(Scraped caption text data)
- - - - -

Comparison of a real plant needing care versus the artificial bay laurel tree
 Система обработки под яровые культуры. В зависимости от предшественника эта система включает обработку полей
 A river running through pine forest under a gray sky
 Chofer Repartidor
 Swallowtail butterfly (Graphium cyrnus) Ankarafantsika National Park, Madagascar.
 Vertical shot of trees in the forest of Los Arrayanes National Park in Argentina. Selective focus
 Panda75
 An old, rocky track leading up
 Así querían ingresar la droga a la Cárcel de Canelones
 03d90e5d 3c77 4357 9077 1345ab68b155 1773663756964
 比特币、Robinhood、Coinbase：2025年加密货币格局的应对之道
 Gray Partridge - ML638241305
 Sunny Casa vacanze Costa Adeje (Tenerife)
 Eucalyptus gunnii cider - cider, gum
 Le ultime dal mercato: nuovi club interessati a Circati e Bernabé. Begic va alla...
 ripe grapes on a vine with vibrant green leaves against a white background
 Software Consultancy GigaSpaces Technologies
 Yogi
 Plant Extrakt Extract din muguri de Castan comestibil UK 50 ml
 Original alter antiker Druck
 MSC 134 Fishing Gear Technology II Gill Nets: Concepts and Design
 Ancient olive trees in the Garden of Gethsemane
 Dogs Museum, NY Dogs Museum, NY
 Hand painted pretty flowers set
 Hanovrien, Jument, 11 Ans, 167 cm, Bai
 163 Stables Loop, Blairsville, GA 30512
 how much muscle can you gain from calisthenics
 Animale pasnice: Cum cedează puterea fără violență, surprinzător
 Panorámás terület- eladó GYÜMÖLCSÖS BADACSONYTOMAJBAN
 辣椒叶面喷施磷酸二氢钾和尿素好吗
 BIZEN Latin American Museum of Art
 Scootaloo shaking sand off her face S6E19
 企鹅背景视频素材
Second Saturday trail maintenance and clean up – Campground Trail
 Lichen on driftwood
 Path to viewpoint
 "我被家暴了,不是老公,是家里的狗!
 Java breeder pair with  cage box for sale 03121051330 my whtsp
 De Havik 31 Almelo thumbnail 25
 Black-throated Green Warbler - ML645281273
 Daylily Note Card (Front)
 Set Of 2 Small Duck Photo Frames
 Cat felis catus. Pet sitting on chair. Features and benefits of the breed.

- - - - -

What the task asks: Among the lines of the preceding data, which ones hold the word "with"? List them.

Response to the exercise:
 ripe grapes on a vine with vibrant green leaves against a white background
 Java breeder pair with  cage box for sale 03121051330 my whtsp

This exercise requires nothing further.